How Do Small Farmers Fare?
Evidence from Village Studies in India
This volume examines the characteristics and viability of small producers in different agro-ecological regions of India, locating them in the broader context of the capitalist development of Indian agriculture.
As in many developing countries, agriculture in India has been dominated by peasant farming, with a little less than half of total operated area under small holdings. In the voluminous literature on small farms and small farmers, there is a distinct tendency to romanticise small farming. Various virtues are ascribed to the small farm.
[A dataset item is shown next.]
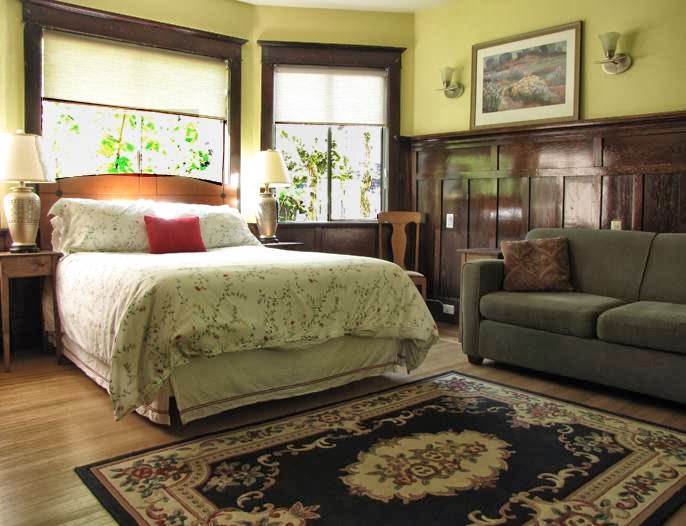 Manor Guest House | 387 W 13th Ave, Vancouver, BC V5Y 1W2, Canada | Phone: (604) 876-8494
For example, it is claimed to be more efficient and ecologically more worthy of preservation than the large farm.
The essays in this volume seek to examine the socio-economic characteristics of small farmers in relation to other strata of the rural population, drawing on empirical material collected through carefully designed and conducted household and farm economy surveys of 17 villages located in 9 States of India. These surveys are a part of the ongoing Project on Agrarian Relations in India (PARI), undertaken
by the Foundation for Agrarian Studies (FAS).
The evidence presented in the volume points to a crisis of small farming in terms of the inability of small farmer households to generate adequate incomes to maintain a minimum standard of living.
A second striking feature of the evidence presented is of inequalities and differentiation both within the study villages and across agro-ecological regions. While small farmers account for a substantial
proportion of the rural population, they operate in a capitalist market economy where a small section of rural households control the bulk of the means of production. In this context, public policy support
is urgently needed to deliver economies of scale to small farmers and to ensure them a minimum standard of living.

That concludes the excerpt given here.